*Work item*.
Count the lines below that hold "Yellow". Give the number without comment.

*Records for the exercise*.
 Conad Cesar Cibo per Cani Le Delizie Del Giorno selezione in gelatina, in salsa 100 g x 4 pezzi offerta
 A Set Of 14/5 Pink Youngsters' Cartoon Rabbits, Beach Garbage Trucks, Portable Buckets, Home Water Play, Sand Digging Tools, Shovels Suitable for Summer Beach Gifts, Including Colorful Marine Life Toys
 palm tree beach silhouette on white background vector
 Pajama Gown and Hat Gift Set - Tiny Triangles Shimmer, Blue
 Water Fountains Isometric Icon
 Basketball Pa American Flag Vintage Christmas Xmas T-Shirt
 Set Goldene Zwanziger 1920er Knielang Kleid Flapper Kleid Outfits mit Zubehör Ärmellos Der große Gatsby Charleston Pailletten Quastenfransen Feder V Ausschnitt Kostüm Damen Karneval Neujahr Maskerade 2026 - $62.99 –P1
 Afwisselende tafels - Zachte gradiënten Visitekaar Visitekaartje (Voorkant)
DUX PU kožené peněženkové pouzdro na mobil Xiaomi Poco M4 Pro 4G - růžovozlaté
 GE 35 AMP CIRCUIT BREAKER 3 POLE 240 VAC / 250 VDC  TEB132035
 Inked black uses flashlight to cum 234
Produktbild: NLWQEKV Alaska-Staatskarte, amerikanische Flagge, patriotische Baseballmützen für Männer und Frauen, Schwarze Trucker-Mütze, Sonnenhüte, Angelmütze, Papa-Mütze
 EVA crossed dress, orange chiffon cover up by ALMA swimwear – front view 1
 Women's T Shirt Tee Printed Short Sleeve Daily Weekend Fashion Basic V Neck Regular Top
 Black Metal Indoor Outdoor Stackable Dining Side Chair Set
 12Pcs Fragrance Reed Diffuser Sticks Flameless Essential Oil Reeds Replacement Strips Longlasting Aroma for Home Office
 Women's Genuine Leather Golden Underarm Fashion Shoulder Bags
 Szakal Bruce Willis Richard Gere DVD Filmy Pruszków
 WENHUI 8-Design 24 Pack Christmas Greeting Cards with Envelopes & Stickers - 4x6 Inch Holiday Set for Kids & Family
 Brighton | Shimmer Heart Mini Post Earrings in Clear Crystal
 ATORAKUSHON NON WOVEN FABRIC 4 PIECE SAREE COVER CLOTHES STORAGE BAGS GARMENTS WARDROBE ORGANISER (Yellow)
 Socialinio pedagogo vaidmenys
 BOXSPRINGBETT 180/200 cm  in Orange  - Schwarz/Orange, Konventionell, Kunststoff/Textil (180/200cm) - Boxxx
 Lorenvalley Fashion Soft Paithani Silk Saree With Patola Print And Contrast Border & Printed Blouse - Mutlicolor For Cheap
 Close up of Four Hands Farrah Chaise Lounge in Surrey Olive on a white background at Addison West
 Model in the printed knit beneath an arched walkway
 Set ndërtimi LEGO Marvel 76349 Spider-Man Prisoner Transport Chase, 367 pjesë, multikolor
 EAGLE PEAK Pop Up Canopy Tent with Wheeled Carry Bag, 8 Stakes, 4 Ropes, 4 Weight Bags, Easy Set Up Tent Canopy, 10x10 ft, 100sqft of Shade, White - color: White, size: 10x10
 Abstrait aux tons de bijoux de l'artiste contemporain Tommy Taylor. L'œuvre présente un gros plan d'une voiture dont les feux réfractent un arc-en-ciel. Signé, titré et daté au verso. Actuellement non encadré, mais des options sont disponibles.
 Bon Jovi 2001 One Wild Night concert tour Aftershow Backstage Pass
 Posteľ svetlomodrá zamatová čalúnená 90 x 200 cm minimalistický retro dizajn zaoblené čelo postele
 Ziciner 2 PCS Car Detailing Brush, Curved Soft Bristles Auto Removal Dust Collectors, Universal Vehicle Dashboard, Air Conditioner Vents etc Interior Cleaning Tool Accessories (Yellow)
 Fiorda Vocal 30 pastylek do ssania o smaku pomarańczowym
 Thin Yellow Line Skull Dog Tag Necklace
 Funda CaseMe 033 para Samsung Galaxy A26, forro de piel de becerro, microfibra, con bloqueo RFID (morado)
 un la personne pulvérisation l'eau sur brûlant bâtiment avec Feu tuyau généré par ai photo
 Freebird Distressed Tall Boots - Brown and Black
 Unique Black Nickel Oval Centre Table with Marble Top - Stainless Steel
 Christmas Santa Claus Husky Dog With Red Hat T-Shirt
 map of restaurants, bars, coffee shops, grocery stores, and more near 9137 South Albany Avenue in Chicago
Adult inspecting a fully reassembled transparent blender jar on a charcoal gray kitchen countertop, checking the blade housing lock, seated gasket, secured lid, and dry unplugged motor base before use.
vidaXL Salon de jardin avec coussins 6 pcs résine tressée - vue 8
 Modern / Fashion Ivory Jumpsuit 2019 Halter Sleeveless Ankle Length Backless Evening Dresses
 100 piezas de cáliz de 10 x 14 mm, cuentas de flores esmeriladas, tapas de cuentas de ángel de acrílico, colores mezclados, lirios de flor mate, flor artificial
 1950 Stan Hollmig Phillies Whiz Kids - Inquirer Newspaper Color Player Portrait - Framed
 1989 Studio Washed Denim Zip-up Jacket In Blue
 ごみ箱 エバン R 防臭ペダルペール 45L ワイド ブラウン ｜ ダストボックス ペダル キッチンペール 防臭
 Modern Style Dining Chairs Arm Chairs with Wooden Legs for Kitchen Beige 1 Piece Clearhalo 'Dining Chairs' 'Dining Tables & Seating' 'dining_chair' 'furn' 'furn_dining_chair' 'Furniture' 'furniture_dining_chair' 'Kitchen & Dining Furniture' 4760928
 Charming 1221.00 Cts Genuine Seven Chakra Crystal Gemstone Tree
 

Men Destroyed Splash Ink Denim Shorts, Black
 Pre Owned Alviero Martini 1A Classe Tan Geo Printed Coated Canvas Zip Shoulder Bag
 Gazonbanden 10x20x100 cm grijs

*Exercise result*.
3